I'd also rather see you participate in some of the size acceptance discussions on this forum, rather than just sticking to the Southern California threads and making an occasional appearance in other threads, lately just to go after something I've posted. You seem to enjoy telling me how wrong I am, that I'm "making enemies," and that my opinion doesn't matter to anyone. Keep in mind, hon, that's _your_ opinion, which you're certainly entitled to, but I think your energy would be much better spent actually participating in some size acceptance discussions and maybe learning a thing or two. You're young, still on the journey, and hopefully intelligent enough to see that there's still more for you to discover.


----------



## spiritangel (Nov 23, 2010)

Id like to say that I am Awesome wonderfull and sexy and if you cant handle it 

f... off

and so are tons of the amazing women on this forum cp, Aust, Amy and gobettie amongst them


----------



## msbard90 (Nov 23, 2010)

Wow every piece of clothing I try on is just SOOOO flattering!


----------



## msbard90 (Nov 23, 2010)

thirtiesgirl said:


> ]
> *I'd also rather see you participate in some of the size acceptance discussions on this forum, rather than just sticking to the Southern California threads and making an occasional appearance in other threads, lately just to go after something I've posted. * You seem to enjoy telling me how wrong I am, that I'm "making enemies," and that my opinion doesn't matter to anyone. Keep in mind, hon, that's _your_ opinion, which you're certainly entitled to, but I think your energy would be much better spent actually participating in some size acceptance discussions and maybe learning a thing or two. *You're young, still on the journey, and hopefully intelligent enough to see that there's still more for you to discover*.

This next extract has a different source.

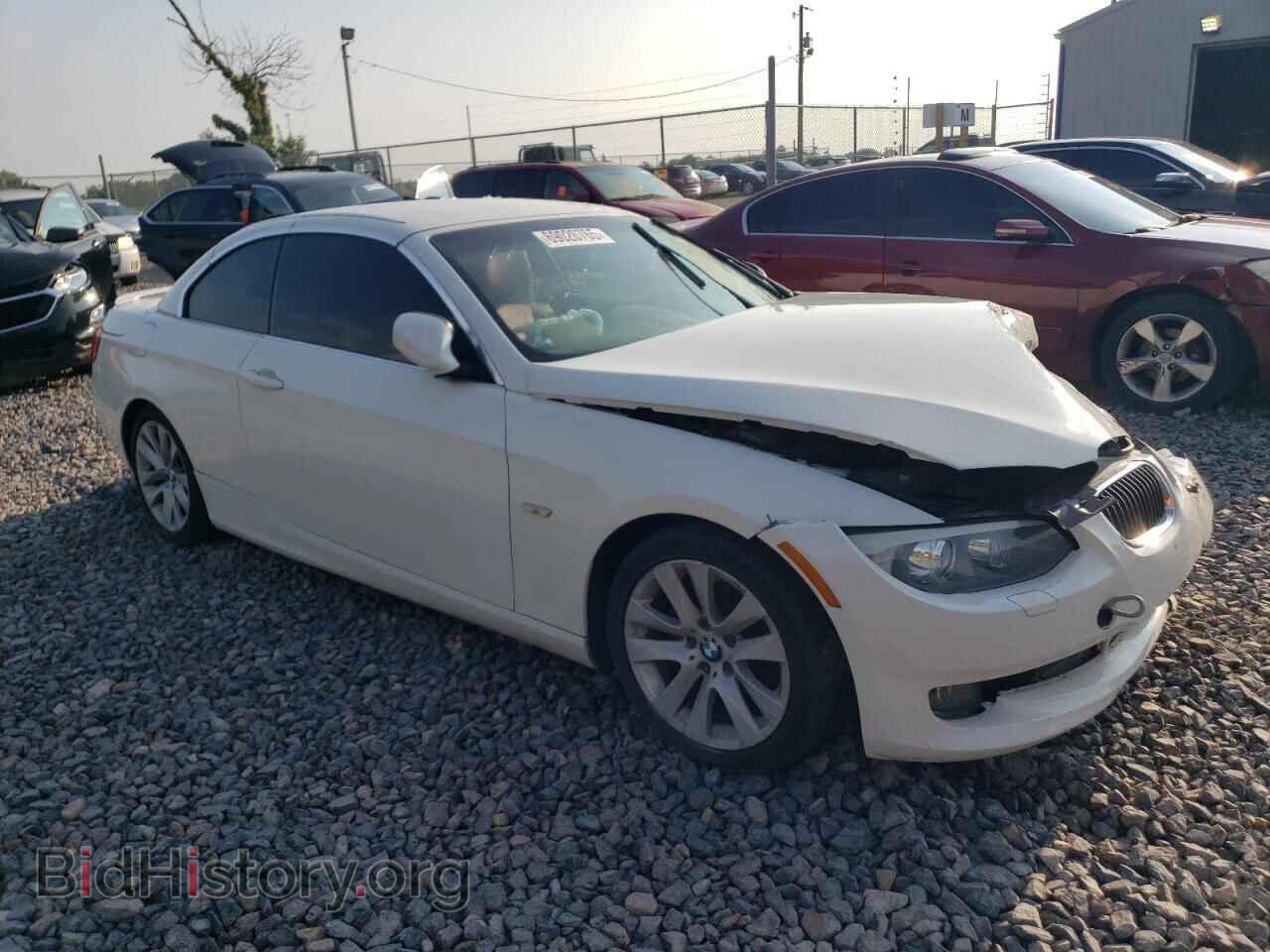 2013 BMW 3 SERIES - VIN: WBADW7C53DE732919 - Фото 4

Who on earth are you to tell someone where they should or should not post? Just stop. You're making a fool of yourself. You're no saint yourself and for you to go on telling people how to behave and that they are "still on the journey" makes you sound like such a jackass, fyi. Since when did you know so much about size acceptance? Since when was the "journey" of accepting yourself for who you are merely based on the participation of Dims or based on age? I think you have a lot of "discovering" to do yourself.


----------



## thirtiesgirl (Nov 23, 2010)

msbard90 said:


> Who on earth are you to tell someone where they should or should not post? Just stop. You're making a fool of yourself. You're no saint yourself and for you to go on telling people how to behave and that they are "still on the journey" makes you sound like such  a jackass, fyi. Since when did you know so much about size acceptance? Since when was the "journey" of accepting yourself for who you are merely based on the participation of Dims or based on age? I think you have a lot of "discovering" to do yourself.

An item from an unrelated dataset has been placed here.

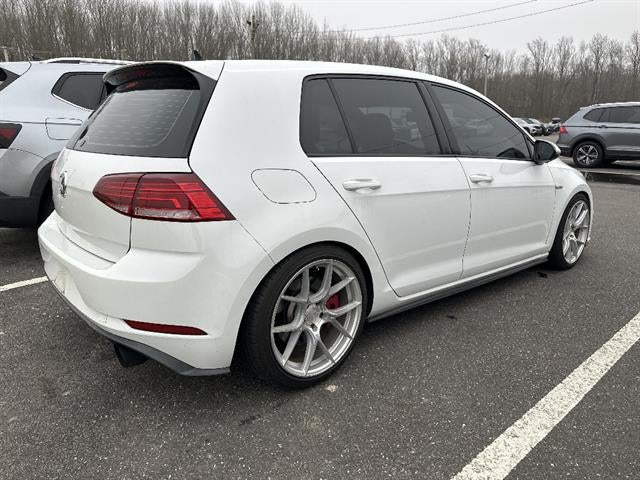 2019 Volkswagen Golf GTI SE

I'm not telling Bettie where she should or should not post. I'm saying that _I'd like to see_ her participate more in other forums. I think she has a lot to contribute and a lot to learn and it would be a good experience for everyone. That's a little different than saying "you must post here" or "you must post there." I'm in no way taking away her choice. Bettie is also 25 years young and, from my estimation, is still relatively new to size acceptance. Not new to being fat and dealing with the experiences of growing up fat in Southern California, but relatively new to some of the tenets and theories of size acceptance. I would not attempt to discount Bettie's experiences of growing up fat, especially in Southern California, having done so myself. But, based on Bettie's age and from what I've read from her, I believe there's still more to be learned about size acceptance, and also that her own perspective on some of the size acceptance issues discussed here would be valuable. I've been reading about size acceptance and participating in size acceptance discussions since I was about her age, and I'm older than Bettie by several decades (sad to admit). I *do* know a thing or two about the tenets and theories of size acceptance because I've spent time educating myself about them. I've also spent time reflecting on which theories work for me and which I choose to reject. I think I'm pretty well informed on the subject because I don't just look at it from the perspective of my own experiences growing up as a fat kid and a fat teen. I've read a lot of other people's perspectives on the subject, which has helped me develop and define mine. I wonder if others here could say the same.


----------



## isamarie69 (Nov 23, 2010)

thirtiesgirl said:


> As do you, Bettie, as do you. As you've said to me in person, you don't like the fact that there aren't enough men on these forums and that there are "too many women." When I mention that I have an issue with Mermaid joining the forum with what seems like similar intentions - that she's looking for male attention and doesn't really want to participate in discussions about size acceptance - you lash out at me. You may couch it in 'niceties,' but, Bettie, you're still lashing out. I'd rather have you show your true face and call me a bitch than play these passive-aggressive games, but it seems that you adhere to the Stepford Wife mentality of playing nice on the surface, but speaking ill behind others' backs.
> 
> I'd also rather see you participate in some of the size acceptance discussions on this forum, rather than just sticking to the Southern California threads and making an occasional appearance in other threads, lately just to go after something I've posted. You seem to enjoy telling me how wrong I am, that I'm "making enemies," and that my opinion doesn't matter to anyone. Keep in mind, hon, that's _your_ opinion, which you're certainly entitled to, but I think your energy would be much better spent actually participating in some size acceptance discussions and maybe learning a thing or two. You're young, still on the journey, and hopefully intelligent enough to see that there's still more for you to discover.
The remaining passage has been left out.